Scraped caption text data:
════════════════════
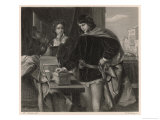 Buy The Merchant of Venice, Bassanio Chooses the Leaden Casket, and Wins Portia at AllPosters.com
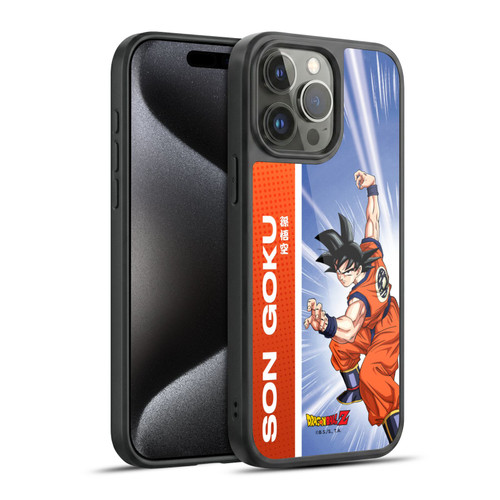 Dragon Ball Z Saiyan Arc Characters Son Goku Gel Armour Case For Apple iPhone 15 Pro Max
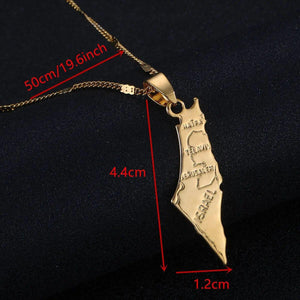 Israel Map Necklace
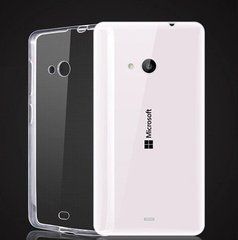 Защитный чехол Clear TPU для Microsoft Lumia 540 Прозрачный
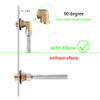 Wall Mount Commercial Faucet Installation kit,Brass 90 dergee backsplash Mount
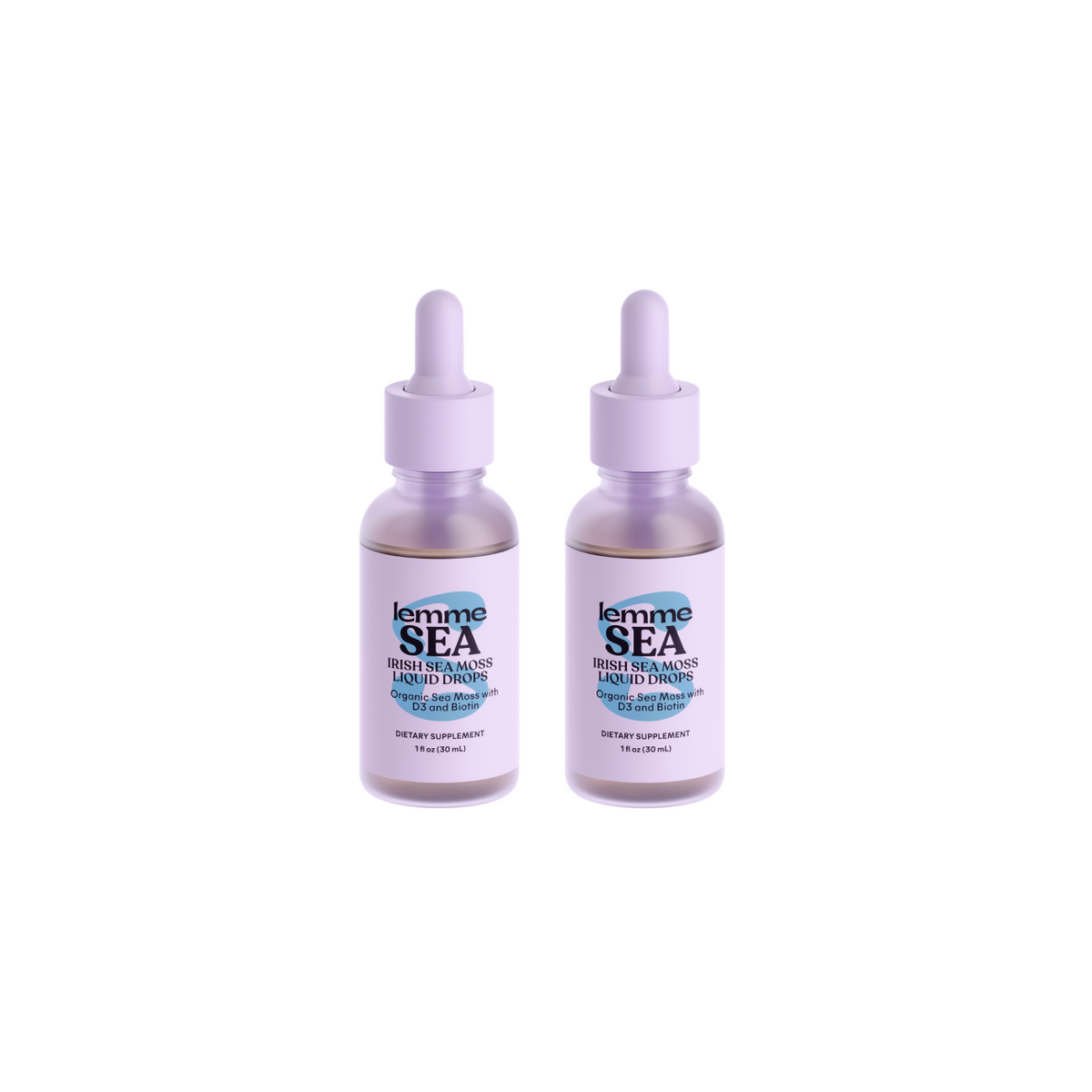 two bottles of lemme sea moss 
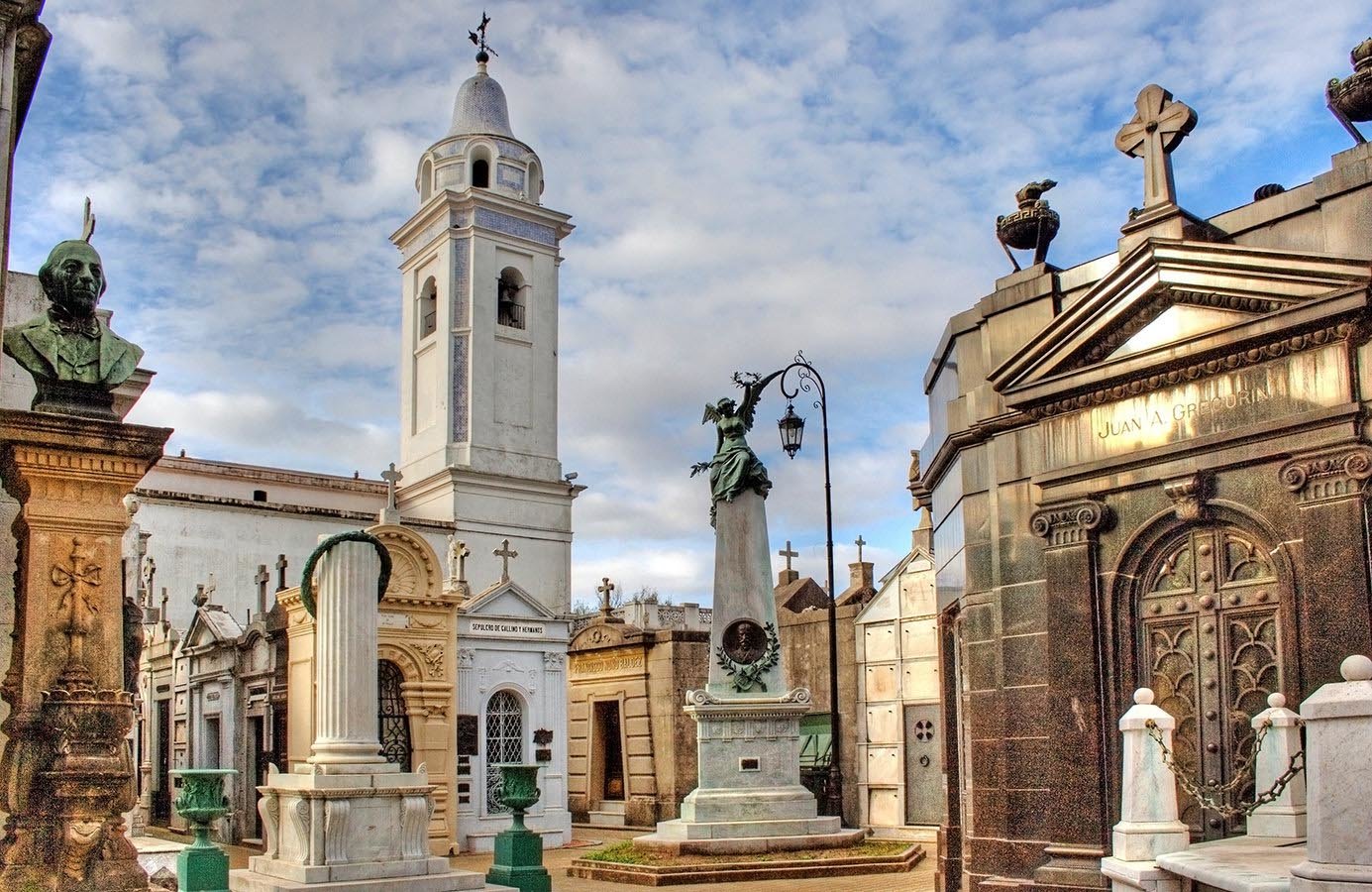 We&rsquo;ll make a stop at the Recoleta cemetery where Evita Peron is buried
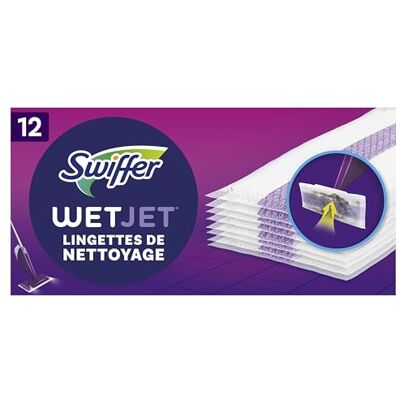 Swiffer WetJet Recarga de toallitas limpiadoras multiurfaces, para todo tipo de suelo, retiene el polvo y la suciedad profunda, higiénica y desechable, compatible con WetJet Swiffer WetJet Recarga de toallitas limpiadoras multiurfaces, para todo tipo de suelo, retiene el polvo y la suciedad profunda, higiénica y desechable, compatible con WetJet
════════════════════
Task details:
The answer should consist only of the lines above from the one with "two bottles of lemme sea moss" through the one with "We&rsquo;ll make a", repeated exactly, with no pictures among them.

Solution for this problem:
 two bottles of lemme sea moss 
 We&rsquo;ll make a stop at the Recoleta cemetery where Evita Peron is buried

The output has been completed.